▶ Task brief
Return the following entries exactly, word for word.

Records from a collection
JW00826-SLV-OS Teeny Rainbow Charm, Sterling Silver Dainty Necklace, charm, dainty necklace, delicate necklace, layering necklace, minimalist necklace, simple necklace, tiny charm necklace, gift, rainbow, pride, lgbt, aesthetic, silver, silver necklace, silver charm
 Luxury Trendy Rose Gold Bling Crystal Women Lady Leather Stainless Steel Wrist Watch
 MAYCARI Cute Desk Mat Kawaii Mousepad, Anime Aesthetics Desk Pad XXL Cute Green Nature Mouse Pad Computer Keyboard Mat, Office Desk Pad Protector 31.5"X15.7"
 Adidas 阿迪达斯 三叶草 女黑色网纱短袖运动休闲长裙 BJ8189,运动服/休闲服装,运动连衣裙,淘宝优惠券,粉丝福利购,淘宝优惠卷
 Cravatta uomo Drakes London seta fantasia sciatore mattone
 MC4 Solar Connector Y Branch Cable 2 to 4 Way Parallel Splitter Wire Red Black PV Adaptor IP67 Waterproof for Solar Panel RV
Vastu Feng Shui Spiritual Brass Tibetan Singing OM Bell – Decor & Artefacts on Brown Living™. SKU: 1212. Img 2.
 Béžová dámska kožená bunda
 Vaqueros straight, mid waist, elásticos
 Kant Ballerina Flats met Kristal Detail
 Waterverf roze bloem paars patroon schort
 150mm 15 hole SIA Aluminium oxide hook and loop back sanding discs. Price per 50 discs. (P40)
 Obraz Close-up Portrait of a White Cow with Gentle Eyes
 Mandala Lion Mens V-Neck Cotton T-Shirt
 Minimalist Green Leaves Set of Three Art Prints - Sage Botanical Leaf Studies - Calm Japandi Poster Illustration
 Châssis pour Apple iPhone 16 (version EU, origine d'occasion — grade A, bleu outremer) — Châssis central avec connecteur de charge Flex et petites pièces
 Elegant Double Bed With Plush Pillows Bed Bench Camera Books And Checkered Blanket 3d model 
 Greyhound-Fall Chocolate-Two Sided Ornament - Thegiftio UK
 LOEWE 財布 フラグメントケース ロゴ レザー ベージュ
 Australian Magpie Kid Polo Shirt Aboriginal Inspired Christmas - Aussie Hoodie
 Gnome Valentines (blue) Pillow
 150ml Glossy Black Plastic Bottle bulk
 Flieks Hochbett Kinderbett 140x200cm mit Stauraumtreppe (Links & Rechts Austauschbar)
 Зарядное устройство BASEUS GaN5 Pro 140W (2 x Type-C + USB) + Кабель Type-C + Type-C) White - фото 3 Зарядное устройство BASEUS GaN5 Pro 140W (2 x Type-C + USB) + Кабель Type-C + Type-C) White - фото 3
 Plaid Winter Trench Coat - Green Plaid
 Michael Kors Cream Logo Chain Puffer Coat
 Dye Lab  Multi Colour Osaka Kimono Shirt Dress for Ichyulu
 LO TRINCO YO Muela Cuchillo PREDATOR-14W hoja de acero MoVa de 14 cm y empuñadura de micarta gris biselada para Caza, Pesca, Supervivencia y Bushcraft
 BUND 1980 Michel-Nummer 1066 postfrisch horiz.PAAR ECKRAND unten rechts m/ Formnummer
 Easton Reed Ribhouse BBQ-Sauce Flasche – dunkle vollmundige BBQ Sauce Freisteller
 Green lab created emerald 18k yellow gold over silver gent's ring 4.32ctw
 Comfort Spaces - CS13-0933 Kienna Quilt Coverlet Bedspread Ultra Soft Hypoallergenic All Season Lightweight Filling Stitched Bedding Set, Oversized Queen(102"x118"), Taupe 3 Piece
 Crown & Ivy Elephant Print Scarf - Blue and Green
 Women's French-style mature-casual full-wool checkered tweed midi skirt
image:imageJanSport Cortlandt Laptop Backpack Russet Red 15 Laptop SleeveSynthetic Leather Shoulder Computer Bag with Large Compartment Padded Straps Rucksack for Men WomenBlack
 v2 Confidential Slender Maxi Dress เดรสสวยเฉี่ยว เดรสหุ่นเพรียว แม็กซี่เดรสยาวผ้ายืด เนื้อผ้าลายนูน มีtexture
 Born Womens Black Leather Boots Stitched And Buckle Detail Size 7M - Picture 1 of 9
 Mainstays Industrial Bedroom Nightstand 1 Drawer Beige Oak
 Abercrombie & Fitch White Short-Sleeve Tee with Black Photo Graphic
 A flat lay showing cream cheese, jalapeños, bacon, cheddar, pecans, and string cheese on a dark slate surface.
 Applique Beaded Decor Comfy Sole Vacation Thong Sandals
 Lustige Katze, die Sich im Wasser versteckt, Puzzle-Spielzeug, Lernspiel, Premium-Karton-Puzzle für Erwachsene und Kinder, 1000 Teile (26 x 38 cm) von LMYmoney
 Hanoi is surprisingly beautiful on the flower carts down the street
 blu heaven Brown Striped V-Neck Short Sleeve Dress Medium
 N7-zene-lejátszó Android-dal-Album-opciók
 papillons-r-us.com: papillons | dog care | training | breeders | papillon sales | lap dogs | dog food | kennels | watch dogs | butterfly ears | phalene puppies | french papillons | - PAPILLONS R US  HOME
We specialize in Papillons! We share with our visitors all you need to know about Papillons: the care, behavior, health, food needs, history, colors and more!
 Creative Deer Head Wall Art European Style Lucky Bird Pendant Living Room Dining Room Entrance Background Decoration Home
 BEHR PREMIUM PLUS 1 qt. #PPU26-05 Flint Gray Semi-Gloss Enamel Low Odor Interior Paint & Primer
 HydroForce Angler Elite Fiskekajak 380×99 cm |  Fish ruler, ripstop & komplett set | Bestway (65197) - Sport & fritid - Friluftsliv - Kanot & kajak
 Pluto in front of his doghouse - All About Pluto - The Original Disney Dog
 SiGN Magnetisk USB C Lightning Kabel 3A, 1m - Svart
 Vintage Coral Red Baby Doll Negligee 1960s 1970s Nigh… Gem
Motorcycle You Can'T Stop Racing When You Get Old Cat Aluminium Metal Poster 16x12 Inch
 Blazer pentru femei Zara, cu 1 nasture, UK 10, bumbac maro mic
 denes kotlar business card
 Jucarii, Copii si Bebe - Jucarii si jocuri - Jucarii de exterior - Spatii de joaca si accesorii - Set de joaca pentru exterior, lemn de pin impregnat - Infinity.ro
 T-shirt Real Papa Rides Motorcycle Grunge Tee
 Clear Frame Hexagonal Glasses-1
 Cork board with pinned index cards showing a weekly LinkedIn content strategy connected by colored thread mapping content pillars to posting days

▶ Response
JW00826-SLV-OS Teeny Rainbow Charm, Sterling Silver Dainty Necklace, charm, dainty necklace, delicate necklace, layering necklace, minimalist necklace, simple necklace, tiny charm necklace, gift, rainbow, pride, lgbt, aesthetic, silver, silver necklace, silver charm
 Luxury Trendy Rose Gold Bling Crystal Women Lady Leather Stainless Steel Wrist Watch
 MAYCARI Cute Desk Mat Kawaii Mousepad, Anime Aesthetics Desk Pad XXL Cute Green Nature Mouse Pad Computer Keyboard Mat, Office Desk Pad Protector 31.5"X15.7"
 Adidas 阿迪达斯 三叶草 女黑色网纱短袖运动休闲长裙 BJ8189,运动服/休闲服装,运动连衣裙,淘宝优惠券,粉丝福利购,淘宝优惠卷
 Cravatta uomo Drakes London seta fantasia sciatore mattone
 MC4 Solar Connector Y Branch Cable 2 to 4 Way Parallel Splitter Wire Red Black PV Adaptor IP67 Waterproof for Solar Panel RV
Vastu Feng Shui Spiritual Brass Tibetan Singing OM Bell – Decor & Artefacts on Brown Living™. SKU: 1212. Img 2.
 Béžová dámska kožená bunda
 Vaqueros straight, mid waist, elásticos
 Kant Ballerina Flats met Kristal Detail
 Waterverf roze bloem paars patroon schort
 150mm 15 hole SIA Aluminium oxide hook and loop back sanding discs. Price per 50 discs. (P40)
 Obraz Close-up Portrait of a White Cow with Gentle Eyes
 Mandala Lion Mens V-Neck Cotton T-Shirt
 Minimalist Green Leaves Set of Three Art Prints - Sage Botanical Leaf Studies - Calm Japandi Poster Illustration
 Châssis pour Apple iPhone 16 (version EU, origine d'occasion — grade A, bleu outremer) — Châssis central avec connecteur de charge Flex et petites pièces
 Elegant Double Bed With Plush Pillows Bed Bench Camera Books And Checkered Blanket 3d model 
 Greyhound-Fall Chocolate-Two Sided Ornament - Thegiftio UK
 LOEWE 財布 フラグメントケース ロゴ レザー ベージュ
 Australian Magpie Kid Polo Shirt Aboriginal Inspired Christmas - Aussie Hoodie
 Gnome Valentines (blue) Pillow
 150ml Glossy Black Plastic Bottle bulk
 Flieks Hochbett Kinderbett 140x200cm mit Stauraumtreppe (Links & Rechts Austauschbar)
 Зарядное устройство BASEUS GaN5 Pro 140W (2 x Type-C + USB) + Кабель Type-C + Type-C) White - фото 3 Зарядное устройство BASEUS GaN5 Pro 140W (2 x Type-C + USB) + Кабель Type-C + Type-C) White - фото 3
 Plaid Winter Trench Coat - Green Plaid
 Michael Kors Cream Logo Chain Puffer Coat
 Dye Lab  Multi Colour Osaka Kimono Shirt Dress for Ichyulu
 LO TRINCO YO Muela Cuchillo PREDATOR-14W hoja de acero MoVa de 14 cm y empuñadura de micarta gris biselada para Caza, Pesca, Supervivencia y Bushcraft
 BUND 1980 Michel-Nummer 1066 postfrisch horiz.PAAR ECKRAND unten rechts m/ Formnummer
 Easton Reed Ribhouse BBQ-Sauce Flasche – dunkle vollmundige BBQ Sauce Freisteller
 Green lab created emerald 18k yellow gold over silver gent's ring 4.32ctw
 Comfort Spaces - CS13-0933 Kienna Quilt Coverlet Bedspread Ultra Soft Hypoallergenic All Season Lightweight Filling Stitched Bedding Set, Oversized Queen(102"x118"), Taupe 3 Piece
 Crown & Ivy Elephant Print Scarf - Blue and Green
 Women's French-style mature-casual full-wool checkered tweed midi skirt
image:imageJanSport Cortlandt Laptop Backpack Russet Red 15 Laptop SleeveSynthetic Leather Shoulder Computer Bag with Large Compartment Padded Straps Rucksack for Men WomenBlack
 v2 Confidential Slender Maxi Dress เดรสสวยเฉี่ยว เดรสหุ่นเพรียว แม็กซี่เดรสยาวผ้ายืด เนื้อผ้าลายนูน มีtexture
 Born Womens Black Leather Boots Stitched And Buckle Detail Size 7M - Picture 1 of 9
 Mainstays Industrial Bedroom Nightstand 1 Drawer Beige Oak
 Abercrombie & Fitch White Short-Sleeve Tee with Black Photo Graphic
 A flat lay showing cream cheese, jalapeños, bacon, cheddar, pecans, and string cheese on a dark slate surface.
 Applique Beaded Decor Comfy Sole Vacation Thong Sandals
 Lustige Katze, die Sich im Wasser versteckt, Puzzle-Spielzeug, Lernspiel, Premium-Karton-Puzzle für Erwachsene und Kinder, 1000 Teile (26 x 38 cm) von LMYmoney
 Hanoi is surprisingly beautiful on the flower carts down the street
 blu heaven Brown Striped V-Neck Short Sleeve Dress Medium
 N7-zene-lejátszó Android-dal-Album-opciók
 papillons-r-us.com: papillons | dog care | training | breeders | papillon sales | lap dogs | dog food | kennels | watch dogs | butterfly ears | phalene puppies | french papillons | - PAPILLONS R US  HOME
We specialize in Papillons! We share with our visitors all you need to know about Papillons: the care, behavior, health, food needs, history, colors and more!
 Creative Deer Head Wall Art European Style Lucky Bird Pendant Living Room Dining Room Entrance Background Decoration Home
 BEHR PREMIUM PLUS 1 qt. #PPU26-05 Flint Gray Semi-Gloss Enamel Low Odor Interior Paint & Primer
 HydroForce Angler Elite Fiskekajak 380×99 cm |  Fish ruler, ripstop & komplett set | Bestway (65197) - Sport & fritid - Friluftsliv - Kanot & kajak
 Pluto in front of his doghouse - All About Pluto - The Original Disney Dog
 SiGN Magnetisk USB C Lightning Kabel 3A, 1m - Svart
 Vintage Coral Red Baby Doll Negligee 1960s 1970s Nigh… Gem
Motorcycle You Can'T Stop Racing When You Get Old Cat Aluminium Metal Poster 16x12 Inch
 Blazer pentru femei Zara, cu 1 nasture, UK 10, bumbac maro mic
 denes kotlar business card
 Jucarii, Copii si Bebe - Jucarii si jocuri - Jucarii de exterior - Spatii de joaca si accesorii - Set de joaca pentru exterior, lemn de pin impregnat - Infinity.ro
 T-shirt Real Papa Rides Motorcycle Grunge Tee
 Clear Frame Hexagonal Glasses-1
 Cork board with pinned index cards showing a weekly LinkedIn content strategy connected by colored thread mapping content pillars to posting days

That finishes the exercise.